[BRIEF] Here the answer should be the line with "Oxypetalum - Blue" and all the lines after it through the end of the listing, each repeated exactly, and no other text.

[DATA Boundary: Start]

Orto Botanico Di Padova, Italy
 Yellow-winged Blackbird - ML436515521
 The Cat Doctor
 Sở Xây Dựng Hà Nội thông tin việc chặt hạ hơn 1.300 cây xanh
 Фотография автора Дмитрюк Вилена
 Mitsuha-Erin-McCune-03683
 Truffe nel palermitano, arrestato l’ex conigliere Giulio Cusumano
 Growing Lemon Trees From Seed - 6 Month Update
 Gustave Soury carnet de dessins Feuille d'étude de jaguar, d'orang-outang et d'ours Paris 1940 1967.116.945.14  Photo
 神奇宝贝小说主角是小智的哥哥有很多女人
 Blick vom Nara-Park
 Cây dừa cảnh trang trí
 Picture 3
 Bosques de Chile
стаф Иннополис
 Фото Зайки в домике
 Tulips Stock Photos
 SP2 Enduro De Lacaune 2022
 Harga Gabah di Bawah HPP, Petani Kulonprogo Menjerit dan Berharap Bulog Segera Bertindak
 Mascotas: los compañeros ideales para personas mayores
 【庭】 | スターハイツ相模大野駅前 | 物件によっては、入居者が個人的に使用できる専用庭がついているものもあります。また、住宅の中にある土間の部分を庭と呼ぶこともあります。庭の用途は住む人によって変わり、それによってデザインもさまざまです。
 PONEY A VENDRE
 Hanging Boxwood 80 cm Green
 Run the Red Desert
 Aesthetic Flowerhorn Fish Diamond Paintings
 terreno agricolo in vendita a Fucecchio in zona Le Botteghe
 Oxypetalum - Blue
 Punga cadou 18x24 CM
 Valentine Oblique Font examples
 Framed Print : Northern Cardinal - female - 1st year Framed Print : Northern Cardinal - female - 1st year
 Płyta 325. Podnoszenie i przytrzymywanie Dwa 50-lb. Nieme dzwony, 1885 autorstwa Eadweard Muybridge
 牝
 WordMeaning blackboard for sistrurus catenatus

[DATA Boundary: End]

[FINISHED TASK]
 Oxypetalum - Blue
 Punga cadou 18x24 CM
 Valentine Oblique Font examples
 Framed Print : Northern Cardinal - female - 1st year Framed Print : Northern Cardinal - female - 1st year
 Płyta 325. Podnoszenie i przytrzymywanie Dwa 50-lb. Nieme dzwony, 1885 autorstwa Eadweard Muybridge
 牝
 WordMeaning blackboard for sistrurus catenatus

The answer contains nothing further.